If you’ve spent much time at local stand-up, sketch, or musical comedy shows the past few years, you’ve probably seen Ellie Heath, and she probably made you laugh. But performing comedy wasn’t her original dream.
“I’ve been playing piano since I was six, and I’ve been singing since I was walking, basically,” Heath says. “In junior high and high school, my dream was to be a singer — I was actually in a Christian pop group for a couple years, despite the fact that I’m not religious. But in the last few years, I’ve been thinking to myself, I write sketch comedy, I write song parodies, I love performing and I love singing — so why am I not doing more of that?”
So Heath started writing joke-free songs again, culminating in Shine, her six-track debut EP that’s more likely to hit you in the feels than the funny bone. “It really happened in the year that I was quitting drinking. Sitting down at the piano and writing music was a really good way to process some of the feelings that I was having. And some of the songs on the album I wrote going into and coming out of our relationship, so there were songs that I wrote when I was falling for the person, and when I was falling out of love with the person. And a lot of the songs that I write tend to have a mental-health, self-love empowerment aspect to them.”
Heath released the EP’s first track, “Better Off,” in May. The title track will start streaming June 13 and she’ll perform the entire EP at Roxy Theatre June 20 — and she wants you to come! “One of my goals for my music career was to get a band together. So I’m really stoked that I’ll be playing not just with a piano, but with a full band for the first time.”

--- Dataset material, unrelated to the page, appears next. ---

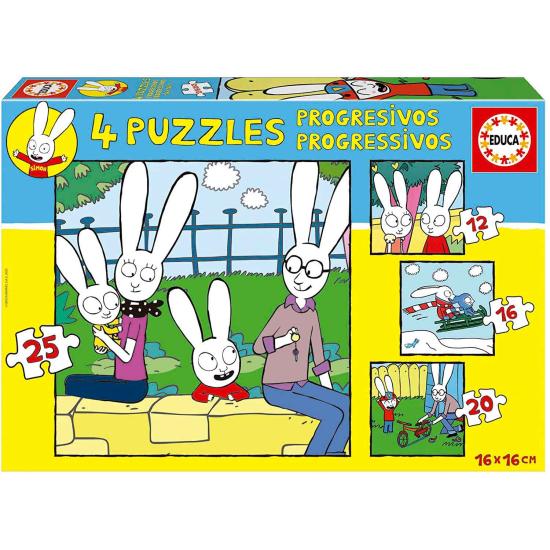 Puzzle progressivo Educa Simon 12+16+20+25 peças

While she may have been a regular at Grindstone Theatre’s Weird Al Karaoke over the years, don’t expect Heath to make as many funny faces during her nonetheless catchy EP songs. But she’ll certainly smile while another upbeat band, Waffelhouse, opens the show (“You’ll leave humming their songs in your head, and they’re also super fun and funny!”), and DJ Kena León will close the show with a dance-and-doughnut party.